辛島文雄(p) 渡辺香津美(g) 本多俊之(ss) 峰厚介(ts)
荒巻茂生(b) 本田珠也(ds)

①I Feel A Wind
辛島さんのオリジナル。渡辺香津美さんとピアノ・トリオによるカルテット編成で、メロディのアレンジを聴くと、あたかもフュージョンのような軽快さがあります。この曲が冒頭にあるのは「新しい感覚のサウンドで彩りたい」という辛島さんの意欲のためではないでしょうか。まず渡辺さんのソロ。エレクトリックで奏でられるソロはロック的なアプローチがありながら、多弁になり過ぎないのが特徴です。うねるような独特のフレーズでかなり弾いているのですが、うまくスペースを作ってピアノの切れのいいコードと見事に対話しています。続く辛島さんのソロは非常に躍動的。やや前のめり気味に音をつないでいきながら、高音部から低音部までをダイナミックに繰り出してグルーブを生み出すのがさすがです。押しつけがましさがなく、余裕がありながら密度の濃い演奏です。

③Open The Gate
2サックスにギター、それにピアノトリオによるセクステット。このアルバムの中ではモーダルで、タイトル通り新しいゲートが開きそうな予感がする現代的な曲です。ソプラノとテナー・サックス、それにギターによって押し寄せてくるような勢いでメロディが提示されます。そのままアップテンポで峰さんのテナー・ソロ。彼らしい落ち着きがありながらジョー・ヘンダーソン的な現代感覚のある演奏です。続いて本多さんのソプラノ・サックス。こちらはかなり攻撃的なソロで、途切れることなくフレーズを繰り出し、熱く迫って来ます。その後の渡辺さんのソロはエフェクトをきかせたギターで、うねりにうねって緊張感を高めていきます。ここで辛島さんのピアノ・ソロ。いったん音数を減らしてクール・ダウンさせてから次第にスケールを広げていくプレイ。音楽全体を計算しつつ、熱のこもった演奏です。最後はバンド全体の一体感を保ったままメロディに戻って高揚感のうちに終わります。

⑧Blue In Green
マイルス・デイヴィスとビル・エヴァンスが共作したと言われる作品。テナー・サックスとピアノ・トリオからなるカルテット編成で、テナーで内省的なメロディが提示された後、そのままソロへ。この曲としてはかなり熱のこもった、ある意味泥臭いソロです。峰さんのグイグイと押しながら、どこか「つぶやき」を織り交ぜて沈み込むようなソロがバンド全体に火をつけています。カルテット全員の内側から放出されるようなエネルギーを感じる独特の演奏です。続く辛島さんのソロは最初、この流れをスロー・テンポでいったん受け止めながら、次第にメロディを引用しつつ力強さを込めていきます。ややハービー・ハンコック(p)的にも聴こえるアプローチですが、リリカルさに流れない力強さに辛島さんらしさがあります。メンバーの一体感が醸し出す凄みを感じさせてくれるトラックです。

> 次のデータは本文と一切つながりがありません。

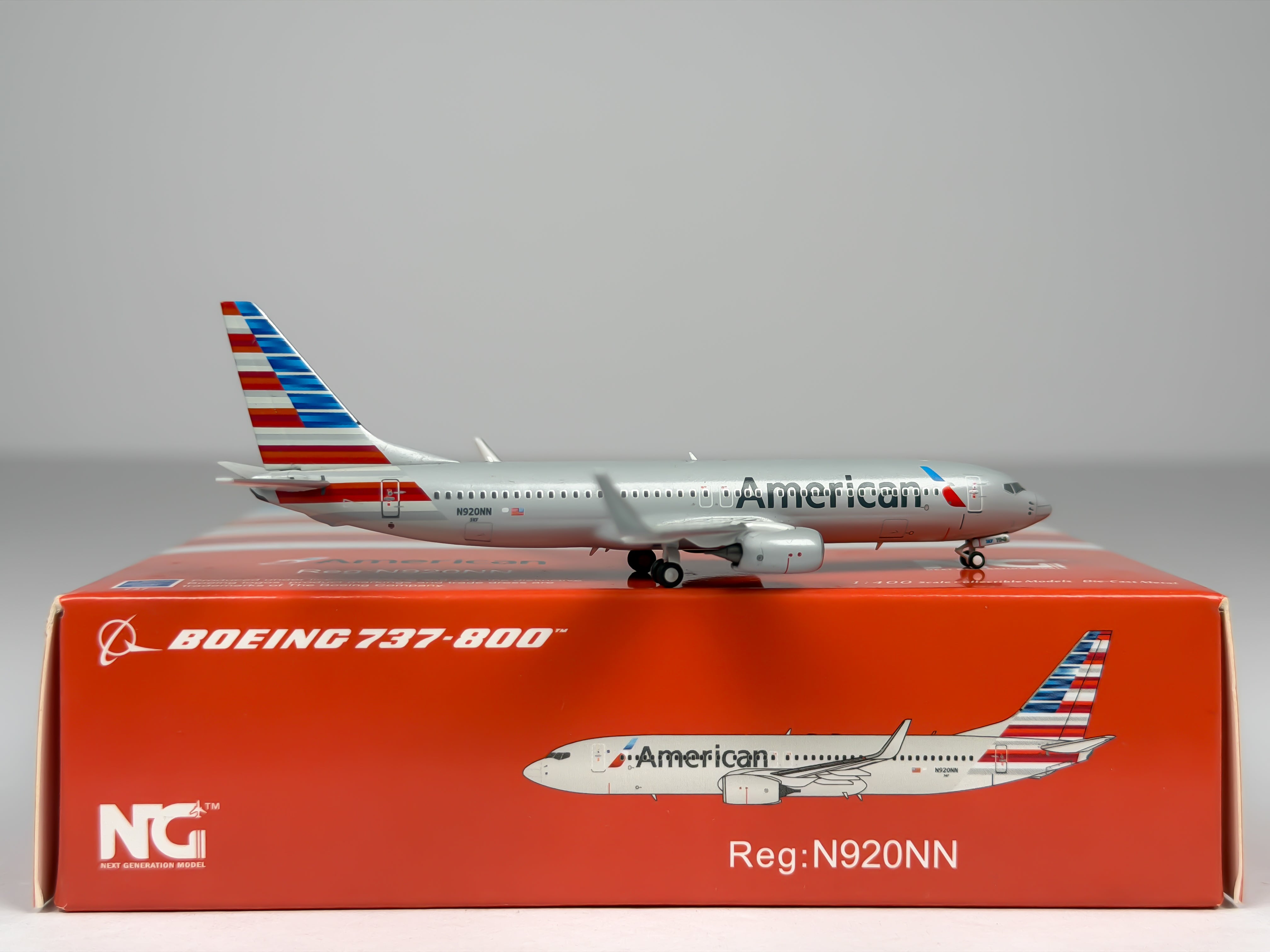 American Airlines Boeing 737-800 1:400 NG Models N920NN (58015)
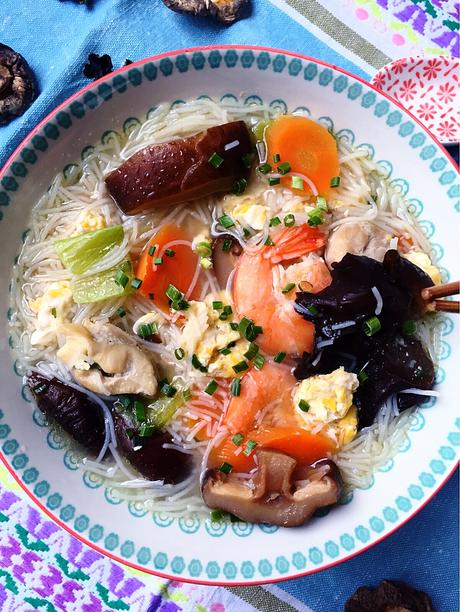 Bouillon Mee Foon : soupe de vermicelles de riz au poulet, aux œufs et aux légumes ! Un délice sino-mauricien ! Bouillon Mee Foon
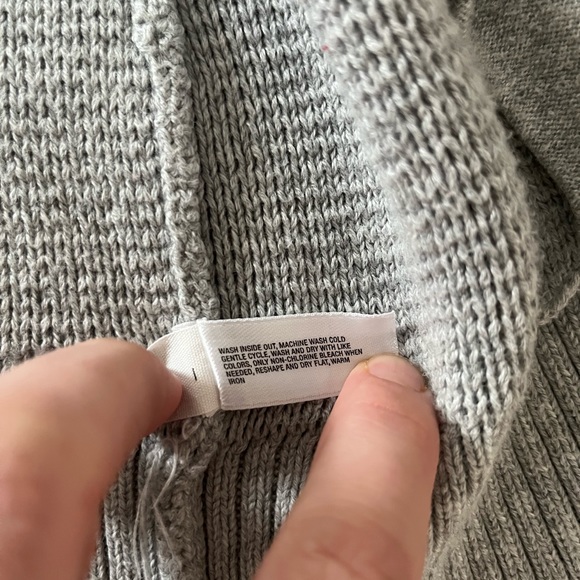 Gap Sweater - Size M - Picture 5 of 5
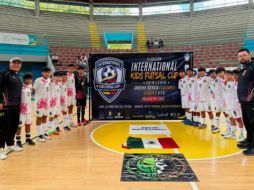Tres de los futbolistas infantiles, identificados como Tavito, Eiden y Chuky, grabaron un video en representación de todos sus compañeros de equipo. FB/Anareli Granados,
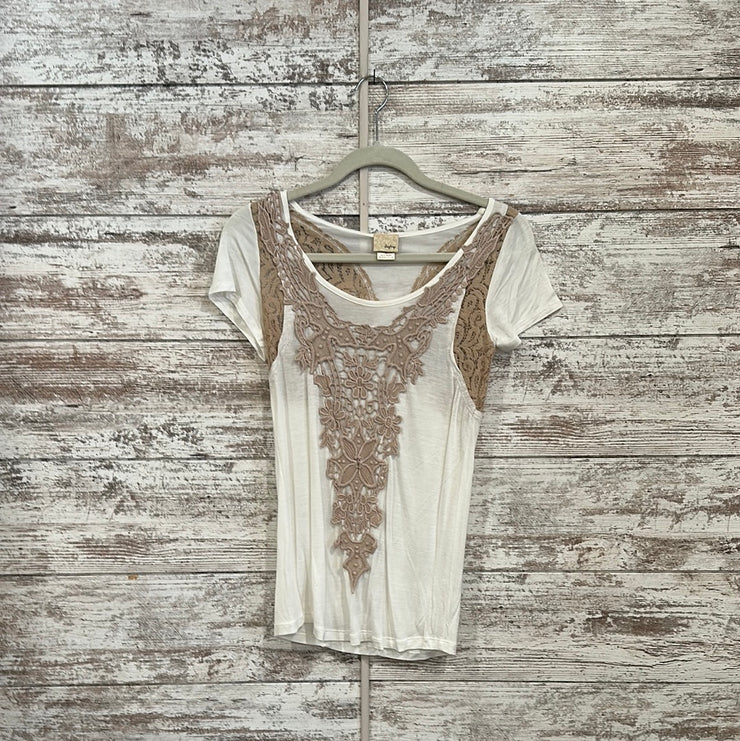 WHITE/TAN SHORT SLEEVE TOP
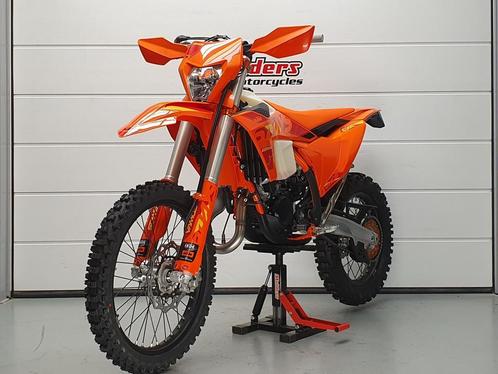KTM 300 EXC TBI SIX DAYS KTM 300 EXC SIX DAYS (bj 2025), Motoren, Motoren | KTM, Bedrijf, Enduro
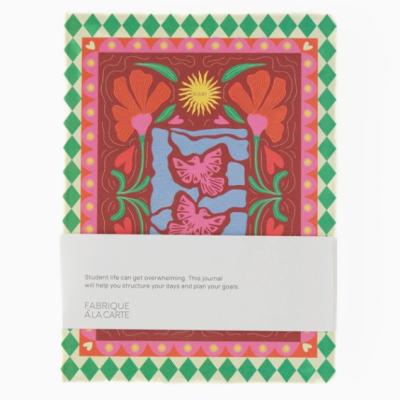 Caderno floral colorido com borboletas e faixa branca com texto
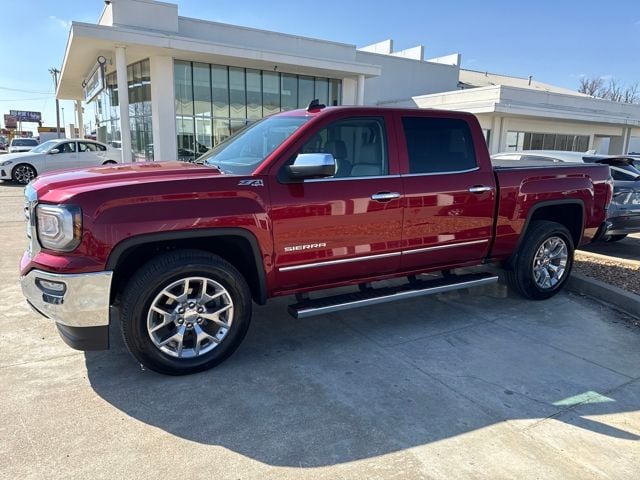 2018 GMC Sierra 4WD Crew Cab Short Box SLT's photo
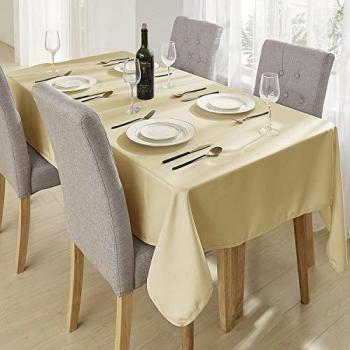 Deconovo Creme-Tischdecke mit Lotus‑Muster 130x220 cm – wasserabweisend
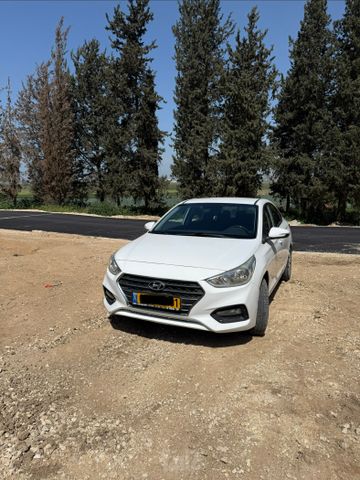יונדאי אקסנט i25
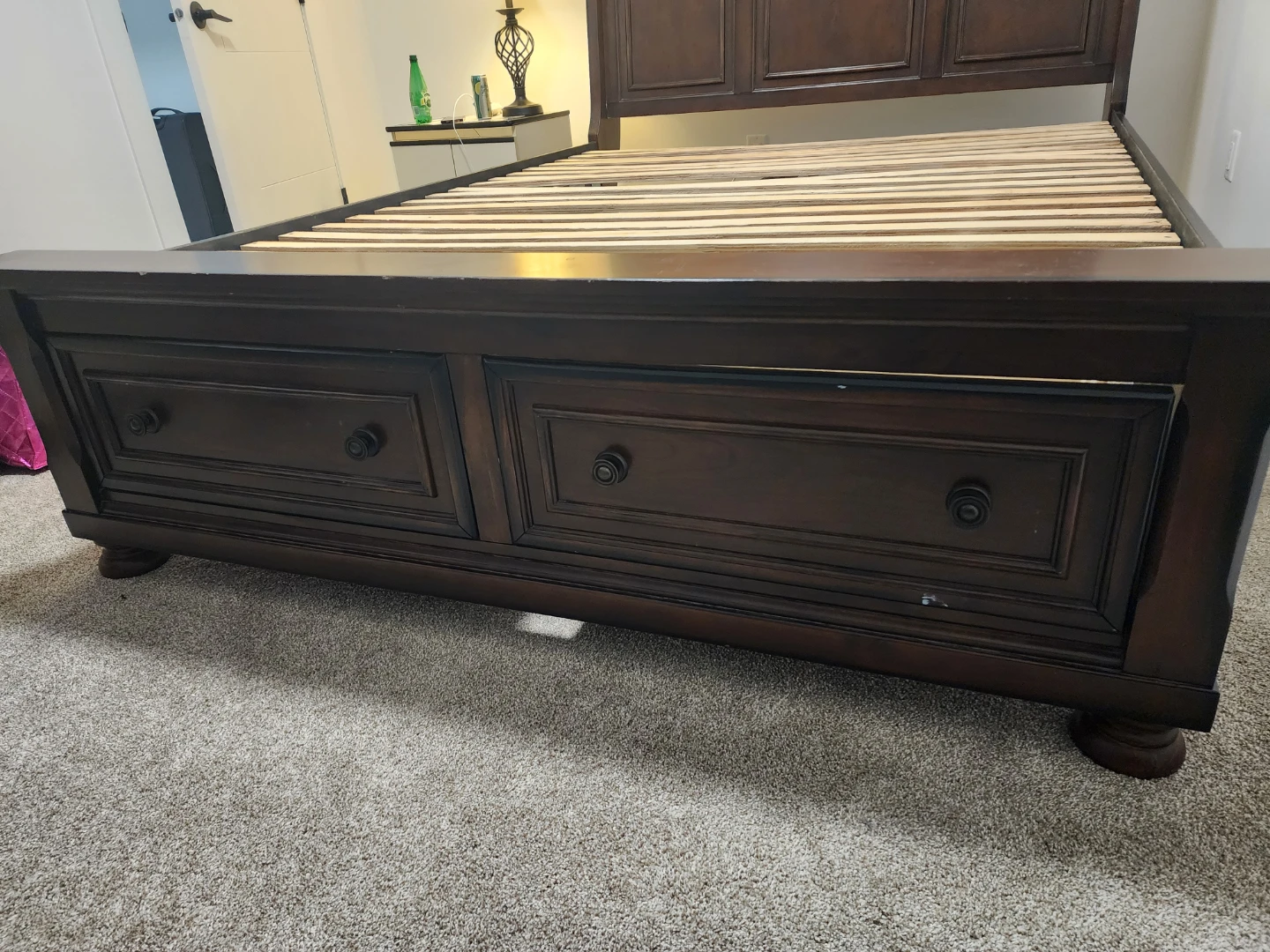 Dark Wood  Queen Size Bed Frame - photo 3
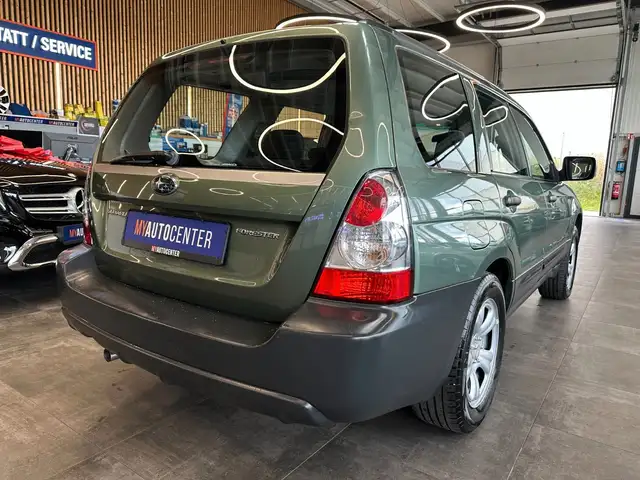 Subaru Forester view 2
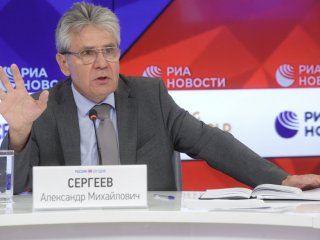 Пресс-конференция президента РАН Александра Сергеева…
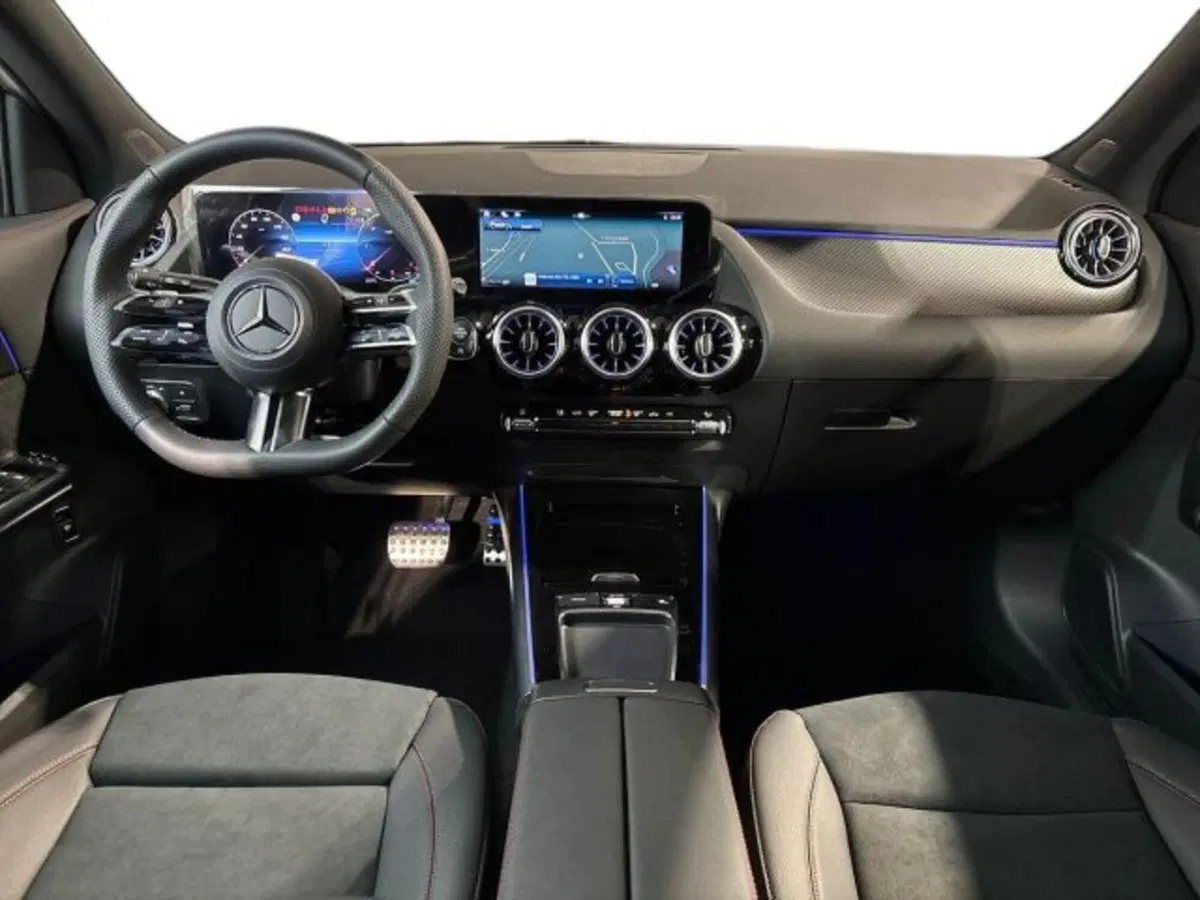 Mercedes-Benz GLA SUV nuova a Bologna (13)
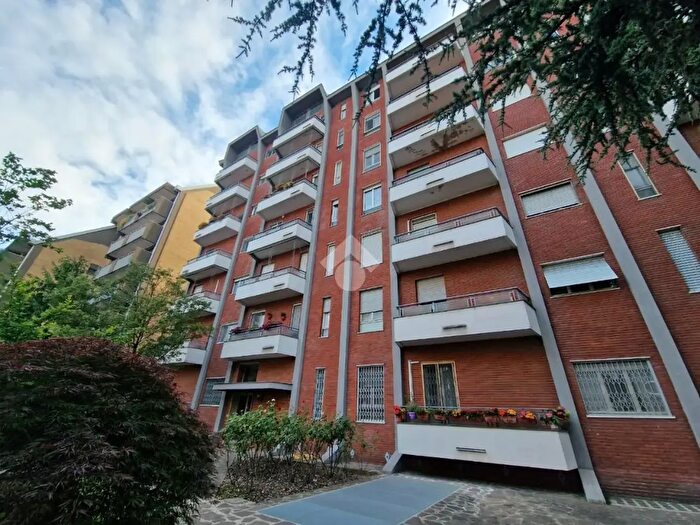 Appartamento trilocale in affitto in Via delle Gardenie, Milano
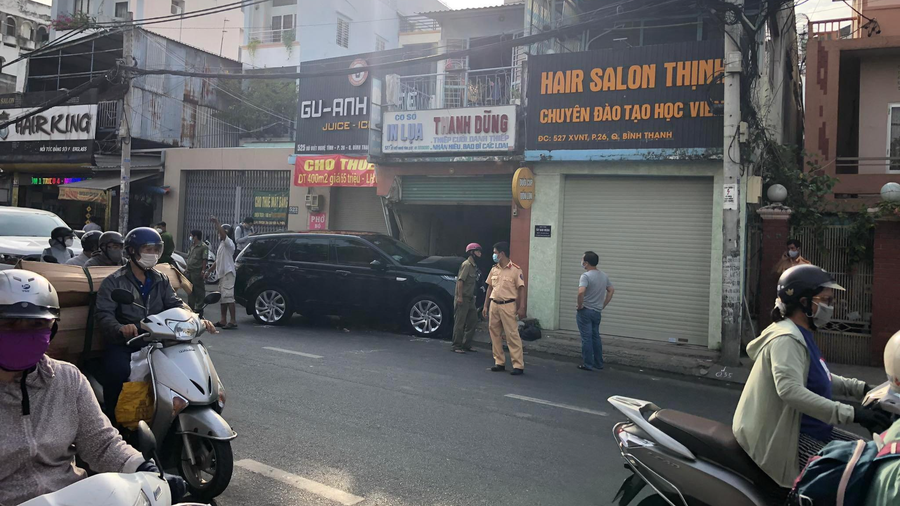 Hiện trường vụ tai nạn. Ảnh: Trần Tiến Hiện trường vụ tai nạn. Ảnh: Trần Tiến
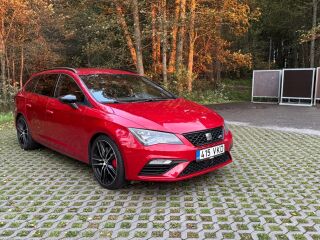 SEAT Leon ST Cupra 300 4Drive 2.0 221kW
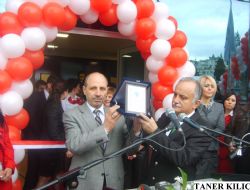 İzmir'e Nenehatun Kız Yurdu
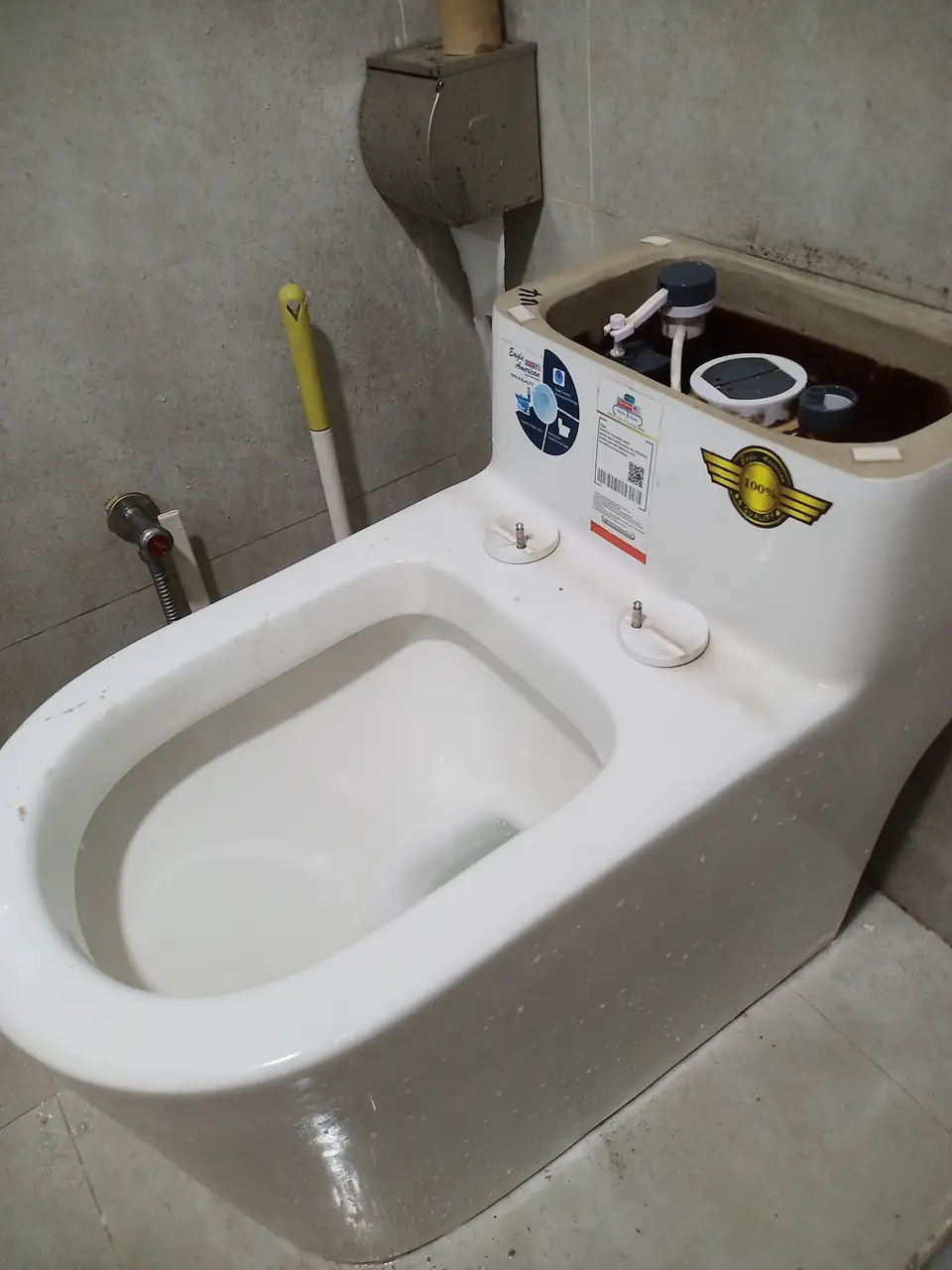 Commode installation with flush tank fitting
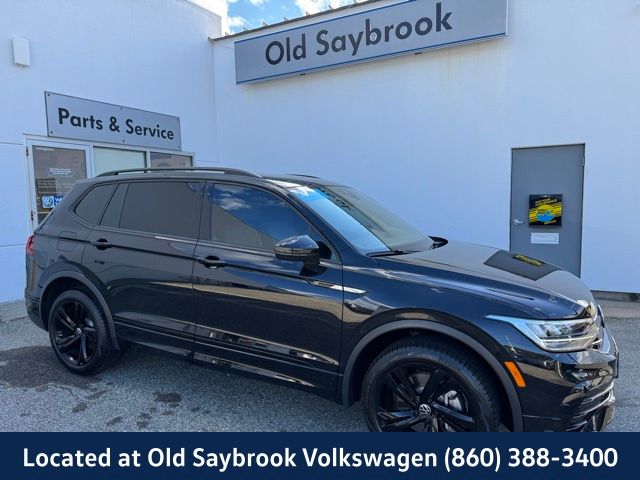 2024 Volkswagen Tiguan SE R-Line Black photo 3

辛島さんほどの才能があったとしても「自分で判断する」ことは決して簡単なことではなく、エルヴィンという「師匠」を必要としました。30代から出直したという辛島さんのケースは困難と希望の両方を見せてくれているようです。

大学入試も簡単に受験テクニックに落とし込まれるようなうわべの「思考力」を問うことになってはいけない。来年から「共通テスト」に変更され、そこで問うべき内容が定まっていないということは、未来を担う若者たちに対して非常に失礼なのではないでしょうか。